New features will be added in the 8.5.x development series.
The details of each version are described below.
Version 8.4.0
Release Notes:
- HTCondor version 8.4.7 not yet released.
New Features:
Bugs Fixed:
- Fixed a bug in Docker universe where the job would
not run with the correct group id.
(Ticket #5649).
- Fixed a performance problem in the condor_schedd that could
cause it to become unresponsive for several minutes after the
set of significant attributes for negotiation changes.
(Ticket #5648).
Version 8.4.6
Release Notes:
- HTCondor version 8.4.6 released on April 21, 2016.
New Features:
- condor_advertise -multiple now tolerates multiple blank lines in the
input file. It no longer quits parsing on the first first blank line that does not
follow a valid ClassAd.
(Ticket #5147).
Bugs Fixed:
- Fixed bug where when partitionable slots were
enabled in the condor_startd, a job would be unable
to start running on that machine in some cases.
(Ticket #5626).
- Fixed a bug that would cause the condor_startd
to crash when ALLOW_PSLOT_PREEMPTION was enabled.
(Ticket #5586).
- Fixed a bug introduced in version 8.3 that
removed the attribute REMOTE_GROUP_RESOURCES_IN_USE
from the job ad in the negotiator.
(Ticket #5593).
- Fixed a bug where HTCondor would regard as invalid text representations
of IPv6 addresses which were the longest possible. This bug typically
manifested as a failure to contact hosts which were advertising IPv6 addresses
of this sort.
(Ticket #5585).
- Fixed a memory leak in the condor_negotiator when
ALLOW_PSLOT_PREEMPTION was enabled.
(Ticket #5571).
- Fixed a bug where after a condor_schedd restart
the submitter attribute WEIGHTED_JOBS_RUNNING
would be incorrectly computed.
(Ticket #5637).
- Fixed a bug when using CLAIM_PARTITIONABLE_LEFTOVERS
and flocking.
Machines from a remote pool could be treated as if they were in the local
pool.
As a result, the RemotePool attribute would not be set in the ads
of jobs running on these machines, and the FlockedJobs and
RunningJobs attributes of submitter ads would have incorrect
values.
(Ticket #5577).
- Fixed a bug that could cause a job's supplemental groups to be set
incorrectly when SOFT_UID_DOMAIN is set to True.
(Ticket #5603).
- Fixed a bug that caused supplemental groups to be set incorrectly
when executing file transfer plugins and various hooks.
(Ticket #5600).
- Fixed a bug that resulted in Windows 10 being reported as
WindowsUnknown in the OPSYSNAME attribute of the condor_startd
ClassAd.
(Ticket #5575).
- Fixed a typo in the LIMIT_JOB_RUNTIMES policy metaknob
that prevented the policy from working as intended.
(Ticket #5307).
Version 8.4.5
Release Notes:
- HTCondor version 8.4.5 released on March 22, 2016.
New Features:
- The default for DAGMAN_LOG_ON_NFS_IS_ERROR has
been changed from True to False. This is the result
of changes in the 8.3 series that mean that file locking is no
longer required on user logs.
(Ticket #5516).
Bugs Fixed:
- Fixed a bug where HTCondor would unconditionally retry non-successful
DNS lookups of the local system's hostname; this could cause delays of up
to sixty seconds when using command-line tools on systems whose hostname
was not in DNS. We no longer retry on errors at all, and only retry
failures which are temporary.
(Ticket #5553).
- Fixed a bug that would cause condor_schedds flocking to remote
pools to not send no jobs, or fewer jobs than possible to the
remote pool. This was a result of not correctly setting
the submitter attribute WeightedJobsRunning for
flocked pools.
(Ticket #5539).
- Accounting group names that contain spaces are now rejected by
condor_submit and ignored by the condor_negotiator.

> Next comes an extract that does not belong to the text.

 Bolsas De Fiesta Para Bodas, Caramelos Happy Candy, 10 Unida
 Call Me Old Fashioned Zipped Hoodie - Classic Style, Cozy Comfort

Previously, submitting a job with an accounting group name that contained
a space would cause the condor_negotiator to fail at startup.
(Ticket #5538).
- Fixed a bug whereby per-job history files (enabled by
the configuration setting PER_JOB_HISTORY_DIR) may briefly
appear to be empty or incomplete.
(Ticket #5562).
- Fixed a bug whereby ClassAds written into history files
may contain the same attribute multiple times.
(Ticket #5548).
- Fixed a bug that caused DAGMan to not work correctly with
some local universe node jobs. (This bug was introduced in version
8.3.0.)
(Ticket #5299).
- Fixed a bug that resulted in jobs managed by the condor_job_router
not reporting memory and disk usage of the job correctly.
(Ticket #5552).
- Reworked a bug fix from the 8.4.3 release that was designed to allow for
more than 100 dynamic slots to be a bit more generous in allocating Disk to
those slots.
Now, those slots are less prone to fail to match subsequent jobs.
(Ticket #5535).
- Fixed a bug in the randomization of ports within the LOWPORT to HIGHPORT range
that would sometimes generate ports outside of this range on Windows.
(Ticket #5555).
- Fixed a bug in condor_off -peaceful that could result in never
sending the "off" command to machines when at least one of the machines could
not be contacted when sending the previous "peaceful" command.
(Ticket #5504).
- When cgroups are in use, limit the amount of file system cache in the
kernel to prevent the OOM killer from killing jobs that use a large amount of
file system cache.
(Ticket #5500).
Version 8.4.4
Release Notes:
- HTCondor version 8.4.4 released on February 4, 2016.
New Features:
Bugs Fixed:
- Fixed a bug that caused the condor_collector to crash if
CONDOR_DEVELOPERS_COLLECTOR failed to resolve.
(Ticket #5492).
- Fixed a bug that caused Condor-C jobs to fail when
JobLeaseDuration was set to less than one hour (3600 seconds).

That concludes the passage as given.